- Activity: After finding "I hope this" in the data, write out its line and all following lines without change, up to and including the last one. Leave out pictures.

- Data:

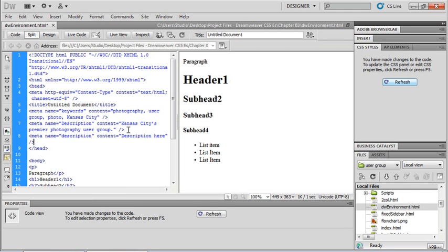Regardless of whether you insert your meta tags through the Insert menu or type them yourself, it will help both you and your search engine optimization. Make sure you go and take a look at the actual search engine itself — Google, Yahoo, etc. — whichever one you're targeting, and look up what will be best for their particular needs.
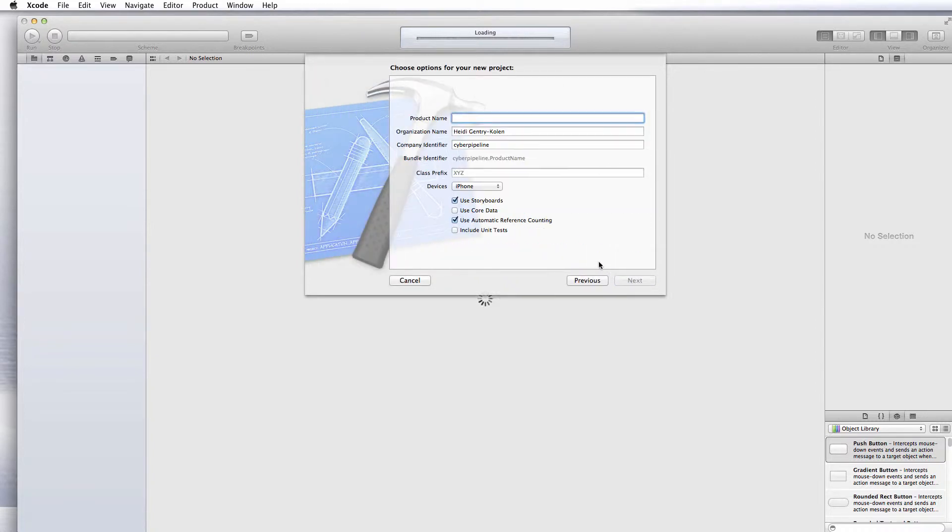For product name, give it whatever name you want to name this project. I'm creating a grocery list, but make your name work toward whatever you're creating.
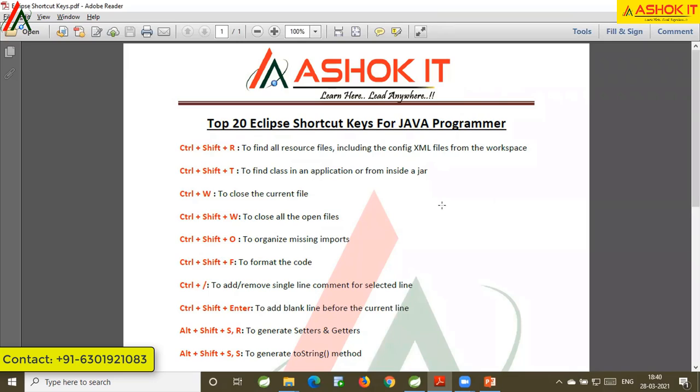I hope this video helped you understand Eclipse shortcut keys. If you liked this video, please share it with your friends and subscribe to our channel for upcoming videos. Don't forget to click on the bell icon. Thank you.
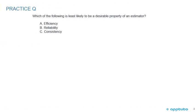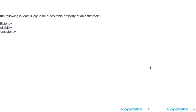We're going to finish this LOS with a quick practice problem. Which of the following is least likely to be a desirable property of an estimator? A, efficiency; B, reliability; or C, consistency?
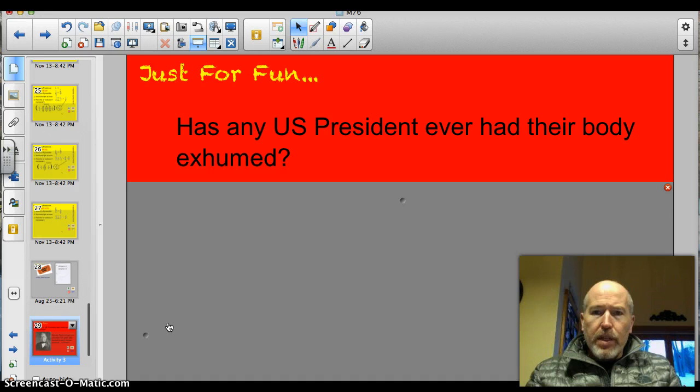Has any U.S. president ever had their body exhumed? That means dug up from the grave and examined closely.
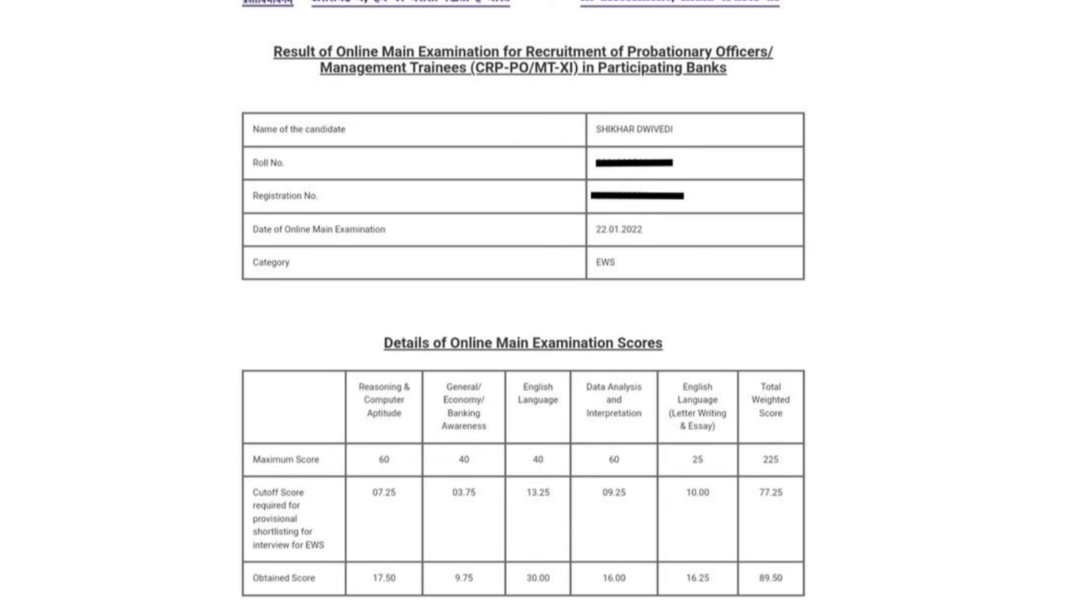And if we look at the number of 225, it was 77.25. And the number is 89.50.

- Reply to the exercise:
I hope this video helped you understand Eclipse shortcut keys. If you liked this video, please share it with your friends and subscribe to our channel for upcoming videos. Don't forget to click on the bell icon. Thank you.
We're going to finish this LOS with a quick practice problem. Which of the following is least likely to be a desirable property of an estimator? A, efficiency; B, reliability; or C, consistency?
Has any U.S. president ever had their body exhumed? That means dug up from the grave and examined closely.
And if we look at the number of 225, it was 77.25. And the number is 89.50.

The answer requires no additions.